Die Job(13)
Hank’s jealousy, despite our divorce, which happened largely due to his infidelities, got on my nerves. I was sure he’d deliberately mispronounced Glen’s name. “It was a field trip,” I said. “Surely Mr. Spaatz”—I emphasized the pronunciation—“told you that.”
“Yeah. But it still sounds like a stupid-ass idea to me,” he said, shaking his head. “Ghost hunting? What’s the point of that? I can’t see where it matters if there’s ghosts or not. What were they going to do if one showed up? Put it in a zoo?”
Maybe it was because I was sleep-deprived and worried, but what Hank said made a certain amount of sense. Scary. “I don’t know,” I said. “It was for science.” I propped my elbows on the table and let my head fall into my hands.

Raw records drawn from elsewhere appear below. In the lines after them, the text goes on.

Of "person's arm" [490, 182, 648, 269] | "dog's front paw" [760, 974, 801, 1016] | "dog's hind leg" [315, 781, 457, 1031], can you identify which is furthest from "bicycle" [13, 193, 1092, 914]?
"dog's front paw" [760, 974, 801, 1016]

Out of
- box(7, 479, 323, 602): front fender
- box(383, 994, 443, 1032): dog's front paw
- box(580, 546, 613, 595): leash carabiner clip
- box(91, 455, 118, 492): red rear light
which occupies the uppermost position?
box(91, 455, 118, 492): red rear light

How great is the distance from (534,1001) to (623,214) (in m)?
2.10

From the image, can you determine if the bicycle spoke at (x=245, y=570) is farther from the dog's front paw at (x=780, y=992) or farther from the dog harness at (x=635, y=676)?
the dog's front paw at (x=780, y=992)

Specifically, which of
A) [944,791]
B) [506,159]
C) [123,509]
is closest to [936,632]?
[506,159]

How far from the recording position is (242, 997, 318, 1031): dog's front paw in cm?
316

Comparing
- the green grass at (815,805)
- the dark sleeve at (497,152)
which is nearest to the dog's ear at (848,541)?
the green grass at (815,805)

Hank snorted. “So, what were you doing there?”
“Chaperoning.”
“Damn fine chaperone you are.”
His words scraped my raw emotions. I’d already been beating myself up for agreeing to chaperone in the first place and for failing so miserably at it. It was at least partially my fault that Braden McCullers was in the hospital. “Thanks a lot,” I muttered.
“Not that it sounds like you could have prevented the accident,” he added graciously. “The fireworks, now . . . We’re going to have to ticket the kid who set those off when we catch up with him. All the other kids say it was”—he checked his notebook—“an Alonso Farber.”

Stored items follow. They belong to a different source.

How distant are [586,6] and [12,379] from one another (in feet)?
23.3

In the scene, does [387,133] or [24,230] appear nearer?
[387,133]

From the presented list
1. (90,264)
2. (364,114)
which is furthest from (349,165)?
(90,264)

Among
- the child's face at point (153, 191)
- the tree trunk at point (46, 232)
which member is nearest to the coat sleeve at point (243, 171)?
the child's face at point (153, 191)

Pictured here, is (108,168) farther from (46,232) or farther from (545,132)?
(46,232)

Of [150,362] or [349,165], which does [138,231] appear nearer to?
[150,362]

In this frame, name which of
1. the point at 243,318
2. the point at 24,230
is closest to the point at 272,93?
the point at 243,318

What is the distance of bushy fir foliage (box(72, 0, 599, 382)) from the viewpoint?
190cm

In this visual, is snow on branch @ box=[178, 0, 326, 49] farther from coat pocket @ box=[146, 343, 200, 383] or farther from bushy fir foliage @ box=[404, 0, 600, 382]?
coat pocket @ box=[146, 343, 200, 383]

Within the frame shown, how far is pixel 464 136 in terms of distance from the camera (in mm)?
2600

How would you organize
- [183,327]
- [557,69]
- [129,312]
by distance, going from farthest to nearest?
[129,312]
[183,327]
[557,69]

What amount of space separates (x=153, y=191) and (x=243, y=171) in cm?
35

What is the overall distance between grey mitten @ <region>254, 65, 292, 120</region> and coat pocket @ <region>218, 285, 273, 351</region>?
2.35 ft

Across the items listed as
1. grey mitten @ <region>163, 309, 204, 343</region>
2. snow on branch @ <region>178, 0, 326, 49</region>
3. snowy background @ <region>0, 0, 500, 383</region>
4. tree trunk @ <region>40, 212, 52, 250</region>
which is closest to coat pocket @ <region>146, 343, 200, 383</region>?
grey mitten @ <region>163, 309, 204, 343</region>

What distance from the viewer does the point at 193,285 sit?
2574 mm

I was concerned that Lonnie still hadn’t turned up, but it was Hank’s first words that caught my attention. “Accident? You’re sure it was an accident?”
Hank worked his lips in and out. “Of course. What else would it be? You certainly don’t believe that ghost—Cyrus or whatever—”
“Cyril.”
“—shoved him off the landing?” He guffawed. “You need more than caffeine, Grace—you need some shut eye. Let me take you home.”
Riding home with Hank was not high on my list of things I wanted to do, but neither was sleeping in the hospital waiting room. “Okay, thanks. Just let me see if there’s any news on Braden,” I said.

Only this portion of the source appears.